Powered by AppSignal & Oban Pro

ExArrow Tutorial 3: ADBC (Arrow Database Connectivity)

livebook/03_adbc.livemd

ExArrow Tutorial 3: ADBC (Arrow Database Connectivity)

deps = [
  {:explorer, "~> 0.11"},
  {:kino, "~> 0.19.0"},
  {:adbc, "~> 0.12"},
  {:gen_stage, "~> 1.3"},
  {:nx, "~> 0.12.1"},
  {:telemetry, "~> 1.0"},
  {:flow, "~> 1.2"},
  {:broadway, "~> 1.0"}
]

local? = File.exists?(Path.join(__DIR__, "../native/ex_arrow_native/Cargo.toml"))

{ex_arrow_dep, extra_deps, config} =
  if local? do
    System.put_env("EX_ARROW_BUILD", "1")

    # Force recompile ex_arrow so optional deps are detected at compile time.
    ex_arrow_beam = Path.join(__DIR__, "../_build/dev/lib/ex_arrow/ebin")
    if File.dir?(ex_arrow_beam) do
      File.rm_rf!(ex_arrow_beam)
    end

    {
      {:ex_arrow, path: Path.expand("..", __DIR__)},
      [{:rustler, "~> 0.36", optional: true}],
      [adbc: [drivers: [:sqlite]], rustler_precompiled: [force_build: [ex_arrow: true]]]
    }
  else
    {
      {:ex_arrow, "~> 0.7.0"},
      [],
      [adbc: [drivers: [:sqlite]]]
    }
  end

Mix.install(deps ++ [ex_arrow_dep] ++ extra_deps, config: config)

Section

ADBC exposes databases through the Arrow Database Connectivity API. You open a Database (driver + options), then a Connection, then run Statement (SQL) and get an Arrow stream of result batches—the same ExArrow.Stream you use for IPC and Flight.

This notebook covers: opening a database, executing SQL, consuming the result stream, and optional metadata APIs.


1. Concepts

Handle Module Purpose
Database ExArrow.ADBC.Database Driver (path or name) + init options (e.g. URI).
Connection ExArrow.ADBC.Connection Session from a database.
Statement ExArrow.ADBC.Statement Set SQL, execute → returns ExArrow.Stream of record batches.

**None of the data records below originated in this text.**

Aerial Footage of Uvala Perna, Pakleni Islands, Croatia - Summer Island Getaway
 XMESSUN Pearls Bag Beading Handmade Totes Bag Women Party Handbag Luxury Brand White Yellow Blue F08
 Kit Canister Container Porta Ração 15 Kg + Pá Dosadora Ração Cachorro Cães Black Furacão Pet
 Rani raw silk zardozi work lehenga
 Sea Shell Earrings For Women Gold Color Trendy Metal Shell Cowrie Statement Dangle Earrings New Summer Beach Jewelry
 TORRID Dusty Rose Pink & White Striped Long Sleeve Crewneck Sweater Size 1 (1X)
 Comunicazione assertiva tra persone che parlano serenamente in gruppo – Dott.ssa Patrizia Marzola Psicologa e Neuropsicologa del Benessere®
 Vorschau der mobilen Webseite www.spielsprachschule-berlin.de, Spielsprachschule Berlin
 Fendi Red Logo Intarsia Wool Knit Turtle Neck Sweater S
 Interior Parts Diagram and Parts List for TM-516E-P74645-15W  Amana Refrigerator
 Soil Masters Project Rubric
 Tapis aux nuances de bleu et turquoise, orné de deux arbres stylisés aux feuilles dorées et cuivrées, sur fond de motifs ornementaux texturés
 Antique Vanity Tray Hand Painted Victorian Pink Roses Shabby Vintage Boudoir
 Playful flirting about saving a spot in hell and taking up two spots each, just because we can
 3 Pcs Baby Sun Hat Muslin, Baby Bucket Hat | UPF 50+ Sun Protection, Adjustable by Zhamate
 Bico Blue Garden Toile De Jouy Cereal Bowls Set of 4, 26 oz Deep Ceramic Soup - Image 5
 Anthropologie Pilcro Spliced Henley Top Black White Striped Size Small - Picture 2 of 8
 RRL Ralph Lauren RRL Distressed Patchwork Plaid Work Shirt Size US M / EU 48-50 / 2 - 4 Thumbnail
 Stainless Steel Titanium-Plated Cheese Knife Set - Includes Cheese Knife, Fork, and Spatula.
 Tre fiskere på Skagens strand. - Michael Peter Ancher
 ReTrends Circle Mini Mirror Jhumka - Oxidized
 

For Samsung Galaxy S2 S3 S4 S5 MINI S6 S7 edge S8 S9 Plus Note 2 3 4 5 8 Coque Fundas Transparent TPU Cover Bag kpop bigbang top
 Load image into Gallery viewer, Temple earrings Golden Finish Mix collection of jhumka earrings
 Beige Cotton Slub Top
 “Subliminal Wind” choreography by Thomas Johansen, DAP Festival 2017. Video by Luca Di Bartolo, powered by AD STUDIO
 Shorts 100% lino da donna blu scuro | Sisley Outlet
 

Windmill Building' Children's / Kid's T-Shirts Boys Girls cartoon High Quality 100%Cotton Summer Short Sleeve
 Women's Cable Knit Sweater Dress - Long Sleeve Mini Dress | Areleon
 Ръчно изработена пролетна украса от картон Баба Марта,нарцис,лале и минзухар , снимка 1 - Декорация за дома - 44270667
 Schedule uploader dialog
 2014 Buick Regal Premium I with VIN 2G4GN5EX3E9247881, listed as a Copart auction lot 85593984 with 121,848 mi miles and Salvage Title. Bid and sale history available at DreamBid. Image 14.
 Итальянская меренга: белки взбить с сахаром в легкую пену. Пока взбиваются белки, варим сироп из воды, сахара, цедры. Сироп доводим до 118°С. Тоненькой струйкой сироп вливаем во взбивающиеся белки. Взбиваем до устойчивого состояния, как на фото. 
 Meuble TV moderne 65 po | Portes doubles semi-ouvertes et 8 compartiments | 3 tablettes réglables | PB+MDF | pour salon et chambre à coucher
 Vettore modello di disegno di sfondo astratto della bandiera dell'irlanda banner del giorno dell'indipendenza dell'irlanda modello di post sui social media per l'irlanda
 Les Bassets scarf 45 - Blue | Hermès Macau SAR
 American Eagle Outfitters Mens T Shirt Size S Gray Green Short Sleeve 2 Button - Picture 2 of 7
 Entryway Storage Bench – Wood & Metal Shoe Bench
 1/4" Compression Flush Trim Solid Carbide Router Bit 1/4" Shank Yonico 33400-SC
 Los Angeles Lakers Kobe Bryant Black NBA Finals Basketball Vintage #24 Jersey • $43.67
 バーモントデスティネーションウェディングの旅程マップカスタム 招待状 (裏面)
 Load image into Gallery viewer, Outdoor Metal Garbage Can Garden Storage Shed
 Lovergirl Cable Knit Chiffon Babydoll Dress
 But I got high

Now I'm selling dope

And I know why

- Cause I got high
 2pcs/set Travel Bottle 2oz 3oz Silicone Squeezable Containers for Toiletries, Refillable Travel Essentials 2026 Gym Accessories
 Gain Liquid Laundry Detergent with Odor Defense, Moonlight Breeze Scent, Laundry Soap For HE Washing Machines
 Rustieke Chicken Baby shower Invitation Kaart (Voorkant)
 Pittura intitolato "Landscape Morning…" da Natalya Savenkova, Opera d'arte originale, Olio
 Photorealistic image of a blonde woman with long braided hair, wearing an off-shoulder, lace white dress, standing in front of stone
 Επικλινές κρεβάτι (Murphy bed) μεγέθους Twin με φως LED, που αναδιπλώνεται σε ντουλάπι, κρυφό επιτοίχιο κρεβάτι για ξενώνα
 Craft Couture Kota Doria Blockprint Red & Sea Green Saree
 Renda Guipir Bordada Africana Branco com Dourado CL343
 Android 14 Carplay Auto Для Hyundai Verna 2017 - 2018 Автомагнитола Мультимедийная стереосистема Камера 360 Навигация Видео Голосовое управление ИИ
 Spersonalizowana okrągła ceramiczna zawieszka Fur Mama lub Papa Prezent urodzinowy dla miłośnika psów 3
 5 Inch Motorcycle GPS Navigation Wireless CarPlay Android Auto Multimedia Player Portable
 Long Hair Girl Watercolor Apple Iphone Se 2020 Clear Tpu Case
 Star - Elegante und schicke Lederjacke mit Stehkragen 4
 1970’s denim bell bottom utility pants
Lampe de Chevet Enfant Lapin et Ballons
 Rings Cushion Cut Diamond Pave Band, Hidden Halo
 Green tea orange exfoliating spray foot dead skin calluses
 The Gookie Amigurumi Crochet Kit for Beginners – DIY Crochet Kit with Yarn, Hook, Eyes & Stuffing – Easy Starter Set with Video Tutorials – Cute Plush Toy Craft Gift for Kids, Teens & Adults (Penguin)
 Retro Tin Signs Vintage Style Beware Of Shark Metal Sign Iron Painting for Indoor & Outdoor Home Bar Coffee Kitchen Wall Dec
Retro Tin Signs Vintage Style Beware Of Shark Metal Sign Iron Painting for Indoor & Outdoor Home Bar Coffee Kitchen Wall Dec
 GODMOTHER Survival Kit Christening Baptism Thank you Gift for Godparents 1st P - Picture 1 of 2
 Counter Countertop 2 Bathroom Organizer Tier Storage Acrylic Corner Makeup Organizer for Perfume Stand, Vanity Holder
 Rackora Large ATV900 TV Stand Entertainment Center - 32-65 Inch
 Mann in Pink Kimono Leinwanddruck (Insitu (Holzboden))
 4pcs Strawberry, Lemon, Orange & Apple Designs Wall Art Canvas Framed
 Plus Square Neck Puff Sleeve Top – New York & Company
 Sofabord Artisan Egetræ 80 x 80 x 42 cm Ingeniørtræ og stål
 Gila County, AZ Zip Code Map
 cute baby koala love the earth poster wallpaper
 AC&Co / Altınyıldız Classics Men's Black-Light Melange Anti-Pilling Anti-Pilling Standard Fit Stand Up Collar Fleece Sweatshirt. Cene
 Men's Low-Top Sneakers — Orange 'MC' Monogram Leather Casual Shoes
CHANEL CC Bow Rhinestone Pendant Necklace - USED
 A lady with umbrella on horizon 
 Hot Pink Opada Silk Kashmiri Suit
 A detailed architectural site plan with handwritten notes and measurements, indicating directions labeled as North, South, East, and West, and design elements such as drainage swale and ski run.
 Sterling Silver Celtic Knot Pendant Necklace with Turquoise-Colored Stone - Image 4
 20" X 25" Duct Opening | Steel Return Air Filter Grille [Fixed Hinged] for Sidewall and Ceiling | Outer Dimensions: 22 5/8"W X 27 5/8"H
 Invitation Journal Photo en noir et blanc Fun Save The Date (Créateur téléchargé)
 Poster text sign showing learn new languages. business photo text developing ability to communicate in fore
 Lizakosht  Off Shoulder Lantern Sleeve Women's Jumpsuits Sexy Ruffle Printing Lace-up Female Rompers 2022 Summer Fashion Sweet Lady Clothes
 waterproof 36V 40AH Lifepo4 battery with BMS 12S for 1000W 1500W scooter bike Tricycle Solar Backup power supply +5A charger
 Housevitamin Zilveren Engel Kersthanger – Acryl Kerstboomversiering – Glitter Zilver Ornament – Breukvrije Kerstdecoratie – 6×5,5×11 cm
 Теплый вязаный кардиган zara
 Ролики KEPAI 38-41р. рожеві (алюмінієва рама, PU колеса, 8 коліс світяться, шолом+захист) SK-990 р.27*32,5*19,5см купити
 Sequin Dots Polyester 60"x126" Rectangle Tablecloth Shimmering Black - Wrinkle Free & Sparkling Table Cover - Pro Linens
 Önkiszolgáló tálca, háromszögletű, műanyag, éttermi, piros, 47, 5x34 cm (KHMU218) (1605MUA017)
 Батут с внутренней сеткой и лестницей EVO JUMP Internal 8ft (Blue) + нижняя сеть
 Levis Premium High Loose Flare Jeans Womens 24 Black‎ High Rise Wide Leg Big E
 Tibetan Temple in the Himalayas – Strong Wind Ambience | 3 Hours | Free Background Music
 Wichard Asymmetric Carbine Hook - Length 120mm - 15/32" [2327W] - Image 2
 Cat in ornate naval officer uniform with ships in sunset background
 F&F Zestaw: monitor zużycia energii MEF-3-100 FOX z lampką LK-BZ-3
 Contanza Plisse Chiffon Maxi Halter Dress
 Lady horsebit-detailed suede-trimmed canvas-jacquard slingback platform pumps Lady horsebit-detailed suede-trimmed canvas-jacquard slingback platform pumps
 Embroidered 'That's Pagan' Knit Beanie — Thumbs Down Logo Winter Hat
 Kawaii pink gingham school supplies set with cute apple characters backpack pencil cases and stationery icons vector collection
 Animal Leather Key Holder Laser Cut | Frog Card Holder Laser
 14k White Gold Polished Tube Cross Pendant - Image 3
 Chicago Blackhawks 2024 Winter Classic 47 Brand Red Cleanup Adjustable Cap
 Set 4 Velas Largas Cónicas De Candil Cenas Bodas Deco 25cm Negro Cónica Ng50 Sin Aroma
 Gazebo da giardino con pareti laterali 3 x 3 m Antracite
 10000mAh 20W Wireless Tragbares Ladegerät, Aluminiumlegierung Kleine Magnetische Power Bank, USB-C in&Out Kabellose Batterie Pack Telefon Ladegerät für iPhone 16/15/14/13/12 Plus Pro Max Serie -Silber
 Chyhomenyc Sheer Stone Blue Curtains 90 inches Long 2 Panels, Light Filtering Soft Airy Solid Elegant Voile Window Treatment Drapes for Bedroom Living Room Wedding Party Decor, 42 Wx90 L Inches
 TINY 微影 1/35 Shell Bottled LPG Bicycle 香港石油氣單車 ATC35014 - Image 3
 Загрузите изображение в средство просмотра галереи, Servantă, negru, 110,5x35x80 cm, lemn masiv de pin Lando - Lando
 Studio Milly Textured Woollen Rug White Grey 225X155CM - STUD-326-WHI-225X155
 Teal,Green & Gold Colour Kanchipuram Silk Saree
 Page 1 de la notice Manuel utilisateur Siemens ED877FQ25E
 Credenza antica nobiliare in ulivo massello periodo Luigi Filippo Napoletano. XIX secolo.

Flow: Database.openConnection.openStatement.new(conn, sql)executeStream (schema + next).


2. Driver loading

ExArrow supports two ways to reach a database:

  • :adbc_package backend (this notebook) — uses the adbc Hex package to download SQLite and query via supervised Adbc.Database / Adbc.Connection. Results are converted to ExArrow.Stream. No native ADBC .dylib required — works in Livebook.
  • Native C driver — ExArrow’s NIF loads libadbc_driver_sqlite.dylib (or .so) via the ADBC driver manager. Use driver_path: or driver_name: + ADBC_DRIVER. See Installing an ADBC driver.

DriverHelper.ensure_driver_and_open/2 calls Adbc.download_driver/1 then opens by driver_name; that only works when a loadable C driver is on disk. In Livebook, prefer :adbc_package instead.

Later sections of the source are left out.